His brother Svyatoslav received Chernigov, while Smolensk went to Vyacheslav and Vladimir-in-Volhynia to Igor. This ladder of succession is related to the seniority order mentioned above. Vsevolod's appanage included the northern lands of Rostov and the lightly colonised northeast (see Vladimir-Suzdal).

The Primary Chronicle recorded that in 988, Vladimir had assigned the northern lands (later associated with Pereyaslavl) to Yaroslav.

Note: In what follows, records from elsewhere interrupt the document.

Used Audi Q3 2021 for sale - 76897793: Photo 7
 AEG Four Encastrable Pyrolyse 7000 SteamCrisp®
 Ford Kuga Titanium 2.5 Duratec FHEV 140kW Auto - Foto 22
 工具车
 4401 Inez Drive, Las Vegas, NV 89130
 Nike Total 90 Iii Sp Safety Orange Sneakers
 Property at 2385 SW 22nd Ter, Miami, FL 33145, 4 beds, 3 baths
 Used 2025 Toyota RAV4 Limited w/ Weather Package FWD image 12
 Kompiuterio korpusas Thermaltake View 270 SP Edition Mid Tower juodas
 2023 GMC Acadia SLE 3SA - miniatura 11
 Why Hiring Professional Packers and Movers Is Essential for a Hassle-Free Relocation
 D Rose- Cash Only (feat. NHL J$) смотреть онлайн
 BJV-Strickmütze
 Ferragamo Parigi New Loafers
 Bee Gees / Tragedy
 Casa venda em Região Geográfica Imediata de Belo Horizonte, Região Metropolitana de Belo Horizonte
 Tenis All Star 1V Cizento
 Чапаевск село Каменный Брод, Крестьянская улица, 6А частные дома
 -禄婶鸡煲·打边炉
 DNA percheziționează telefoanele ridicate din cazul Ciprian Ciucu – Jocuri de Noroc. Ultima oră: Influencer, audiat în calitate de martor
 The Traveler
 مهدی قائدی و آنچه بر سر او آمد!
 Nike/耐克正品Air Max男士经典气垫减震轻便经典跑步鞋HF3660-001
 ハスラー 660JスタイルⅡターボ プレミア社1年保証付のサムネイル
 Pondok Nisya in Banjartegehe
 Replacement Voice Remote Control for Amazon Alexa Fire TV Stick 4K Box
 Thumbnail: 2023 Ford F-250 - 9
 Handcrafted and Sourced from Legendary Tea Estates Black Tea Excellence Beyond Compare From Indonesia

The town was destroyed by the Mongols in March 1239, the first of the great Rus cities to fall. Certainly from the reign of Vsevolod Yaroslavich, the princes of Pereyaslavl held the principality of Rostov-Suzdal, which was heavily colonized by Slavs thereafter, a process which strengthened the region's power and independence, separating the two regions.

In 1132, Yaropolk became Grand Prince on his brother Mstislav's death, while the Monomashichi descended into general internecine conflict over the Pereyaslavl principality. Yaropolk appointed Vsevolod Mstislavich, prince of Novgorod, to the principality of Pereyaslavl – in this era designated heir to the Kievan throne – thus provoking Yaropolk's younger brother Yuri Dolgoruki, controller of Suzdal, into war. Yuri drove out Vsevolod, whom Yaropolk then replaced with Izyaslav. An agreement was reached by 1134 between Yuri and Yaropolk that their common brother Vyacheslav would take the throne of Pereyaslavl.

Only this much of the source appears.